• [WHAT IS REQUIRED]: If a line in the data has the string "Model", please show it.

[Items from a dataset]
= = =

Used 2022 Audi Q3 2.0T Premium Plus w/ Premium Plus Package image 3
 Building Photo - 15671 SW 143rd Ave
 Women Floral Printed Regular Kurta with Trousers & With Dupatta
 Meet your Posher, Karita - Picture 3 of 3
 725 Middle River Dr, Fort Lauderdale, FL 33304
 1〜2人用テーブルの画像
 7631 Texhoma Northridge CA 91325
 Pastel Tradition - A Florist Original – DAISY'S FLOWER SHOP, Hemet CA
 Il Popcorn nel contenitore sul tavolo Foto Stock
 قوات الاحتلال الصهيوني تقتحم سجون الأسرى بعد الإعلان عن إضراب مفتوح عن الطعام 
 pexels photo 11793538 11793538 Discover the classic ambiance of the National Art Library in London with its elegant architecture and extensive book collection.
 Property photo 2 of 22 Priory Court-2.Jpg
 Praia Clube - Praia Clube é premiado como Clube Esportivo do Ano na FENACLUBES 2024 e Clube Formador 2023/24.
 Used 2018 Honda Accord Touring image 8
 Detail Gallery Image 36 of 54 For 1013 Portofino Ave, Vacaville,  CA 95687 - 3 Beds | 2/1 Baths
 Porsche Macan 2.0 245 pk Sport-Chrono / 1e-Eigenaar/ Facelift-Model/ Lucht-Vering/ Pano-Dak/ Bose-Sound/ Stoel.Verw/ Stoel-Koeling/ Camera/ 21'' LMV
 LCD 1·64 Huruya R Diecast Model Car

= = =

• [OUTPUT]:
 Porsche Macan 2.0 245 pk Sport-Chrono / 1e-Eigenaar/ Facelift-Model/ Lucht-Vering/ Pano-Dak/ Bose-Sound/ Stoel.Verw/ Stoel-Koeling/ Camera/ 21'' LMV
 LCD 1·64 Huruya R Diecast Model Car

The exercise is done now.